Mark went into a whole thing about complicated it is; yeah, for me, but isn’t that why we hired a pro? ‘Cause we don’t know what we are doing? I said, “Tell him it HAS to be working by the weekend.” Blank face. “Do I have to call him?”
He gave me his number. Okay, you don’t want to do it? Well, I will. I need my cartoons.
All weekend I was on a tear to get ready for our move on Monday. While I did the the physical act of preparing to move here were the three things running through my brain.
Is it better to make a day of fun for Vivien during this transition or stick to a routine? As in we go to an amusement park so the move seems like a happy thing or keep it really regular in terms of schedule, oh, and 48 hours later we are somewhere new.
Why, oh, why have I kept all this crap?! Have you ever done this? Find Post-Its with a barely readable scribble on it, or a phone number of someone you don’t know and you think “Why, oh, why did I save this?” It’s like mover/cleaner Daph thinks regular Daph is a messy, eccentric pack rat. Why does it take a move to make me decisive?
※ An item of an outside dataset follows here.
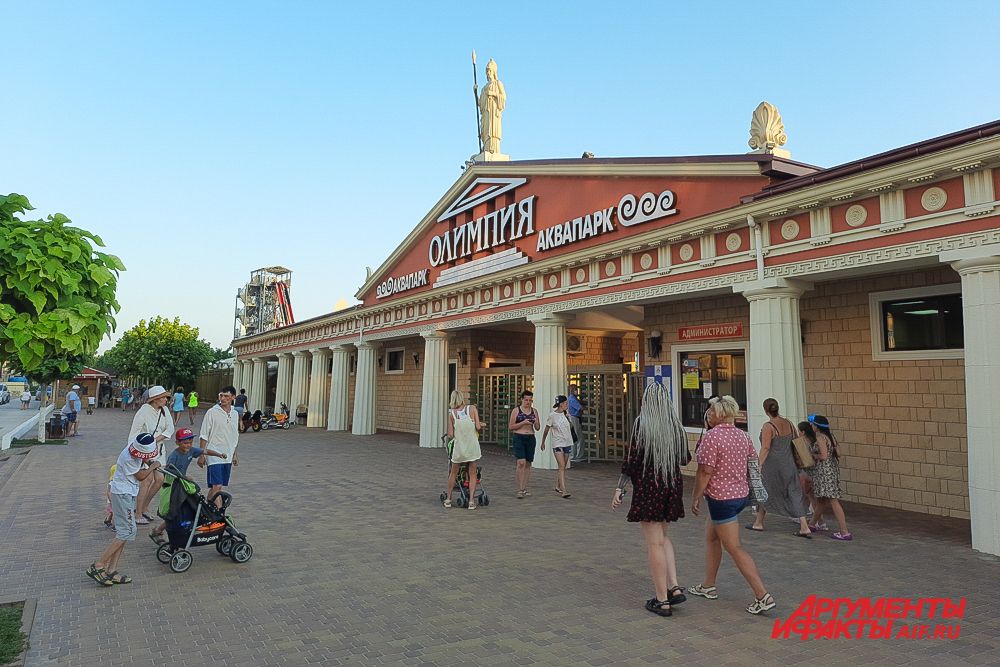Лето 2021 года в Витязево.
I’m not helping Hillary. Tuesday is the Pennsylvania primary and I woke up Saturday saying to Mark, “I have to make calls.” I wasn’t in the mood. I did make one (you can go to www.hillaryclinton.com and they have a page set for people to call in the primary they are focusing on) and the lady said, “I’m voting for her, but thinking of not cause I’m tired of all these calls.” I decided to be easily discouraged. Maybe I would only hurt her cause. But, I still want her to win and did read a few articles that got my girl defender dander up. Obama is acting as if he is not a regular pol while acting like a regular pol. In the past few months such emotion would have translated into action on my part. Now, I really need to organize.